While the initial plan of creating a "fourth network" backed by this station group never came to fruition, many of these stations boasted successful local programs, several of which found varying degrees of success through syndication. WKBD-TV's early investment in sports programming enabled them to secure broadcast rights for the NBA's Detroit Pistons, the NHL's Detroit Red Wings and other area college teams.
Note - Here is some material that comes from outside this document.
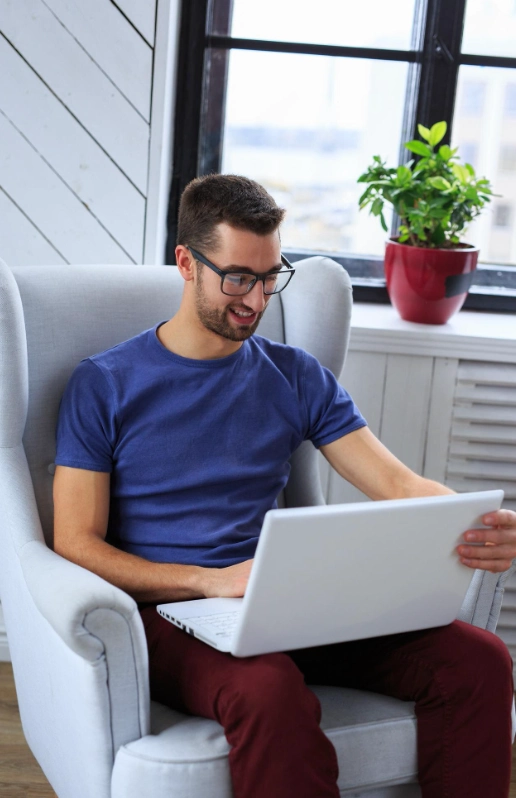A man sitting at home, engaged in a virtual therapy session on his laptop.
Many of the Kaiser stations purchased syndication rights for Star Trek before other large market stations as counterprogramming against evening news programs on the Big Three networks and, in the case of WKBF-TV, were aired in the same episode order as originally broadcast on NBC.

== Former stations ==
- Stations are arranged in alphabetical order by state and city of license.
- Two boldface asterisks appearing following a station's call letters (**) indicate a station built and signed on by Kaiser.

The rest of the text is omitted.